For more information on step by step configuration of Azure availability group listener, see the following article for Azure resource managed availability group.
The following article will assist in troubleshooting the failure to connect to the availability group listener.
NOTE This troubleshooter focuses on an availability group listener configured with resource managed internal load balancer, which is the most popular type of listener currently deployed.
Testing the Azure availability group listener
To test an Azure availability group listener, do not test the listener connectivity on the primary replica. Instead, test listener connectivity to the primary replica using the listener, from the secondary replica. We know the secondary replica already has certain connectivity with the primary and that there are SQL Server client tools installed on it, that can be used for testing connectivity to the listener. Use a tool like sqlcmd for connectivity testing.

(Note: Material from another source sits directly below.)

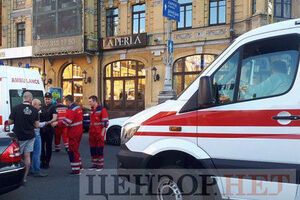 За словами адвоката, Найєм під час конфлікту згадував про знайомство з керівниками МВС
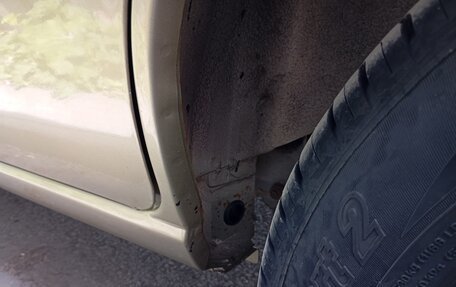 Daewoo Nexia I рестайлинг, 2006 год, 395 000 рублей, 18 фотография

Troubleshooting Failed Azure listener connectivity
Familiarizing yourself with the article that steps through the Azure listener creation and configuration will help you understand the major pieces of the Azure listener configuration that need to be investigated to determine root cause. The majority of all listener connection issues are a result of incorrect configuration of one of the following:
Firewall or network security group configuration
IP Clustered resource creation and configuration (See section of article ‘Configure the cluster to use the load balancer IP address’)
Internal load balancer creation and configuration (See section of article ‘Create and configure the load balancer in the Azure portal)’

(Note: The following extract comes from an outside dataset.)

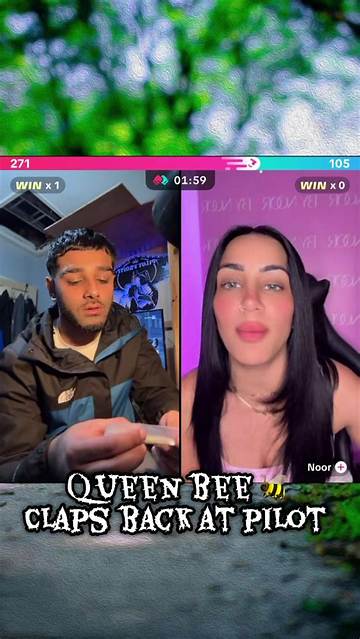 Who Is Tiktok Creator Queen Bee? the Facts Behind the Asda Car Arrest Controversy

Turn off Windows Firewall on the server hosting the primary replica (Firewall and NSG configuration)
The simplest way to ensure Windows Firewall is not blocking connectivity to the listener is to turn off Windows Firewall on the Windows server hosting the primary replica of the availability group, that which you are trying to connect to with your listener connectivity test.

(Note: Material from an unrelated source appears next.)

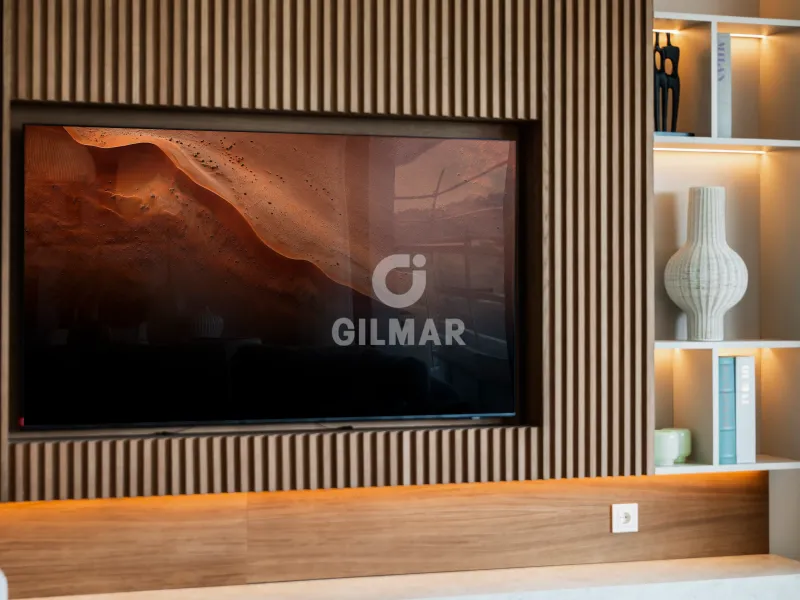 Apartment in Nueva Andalucía - Málaga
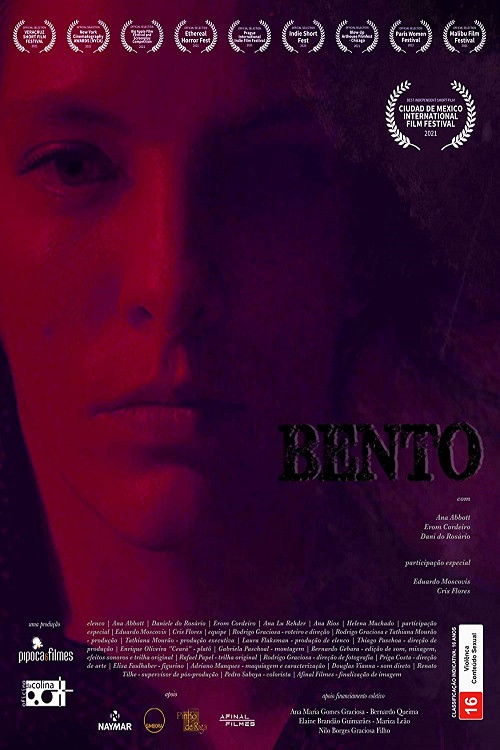 Bento (2020) poster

If you find that connectivity succeeds, turn Firewall back on, and be sure to allow inbound connection through ports 1433 (port SQL Server is listening on) and 59999 (probe port).
Investigate Network Security Group (NSG) for rules that block probe port or SQL Server port connectivity (Firewall and NSG configuration)
It is possible that a network security group rule is preventing connectivity to the virtual machine. For example, the following network security group has an inbound rule allowing SQL connectivity but it is overruled by a rule whose priority value is lower.
For more information review the following section ‘Configure a Network Security Group inbound rule for the VM’ in this article:
Verify RHS.EXE is listening on probe port (59999) (IP Clustered Resource creation and configuration)
On the server hosting the primary replica, verify that RHS.EXE process is listening on the probe port you configured the internal load balancer with.
View the output with notepad and search for a process listening on port 59999 (probe port):
Use Task Manager to verify that the process listening on 59999 is RHS.EXE. If some other process is already listening on port 59999, then it will be necessary to reconfigure both the IP resource’s probe port and the internal load balancer probe port to a different value so there is not a conflict.
Review the internal load balancer configuration (Load Balancer creation and configuration)
Using the article on creating the Azure availability group listener, step through the configuration steps 1-4 listed below and use the Azure portal to visually verify the configuration of each step below is correct:
- Create the load balancer and configure the IP address
- Configure the backend pool
- Create a probe
- Set the load balancing rules
If a visual of the internal load balancer checks out, you can use network tracing to verify that the load balancer is pinging the probe port on the server hosting the primary replica. On the server hosting the primary replica, run netsh from the command line for 30 seconds:
netsh trace start capture=yes tracefile=d:\nettrace.etl maxsize=200 filemode=circular overwrite=yes report=no
To stop the trace run
netsh trace stop
Open the .ETL file using a tool like Network Monitor and filter for probe port activity. No traffic on the probe port of the virtual machine hosting the primary replica indicates one of two possibilities:
- The internal load balancer is not configured correctly.
- There is a network security group, firewall or corporate polcy that is interfering with the probe port traffic.
Here we can see that when we filter on port 59999 we see activity which indicates that the load balancer appears to be performing correctly.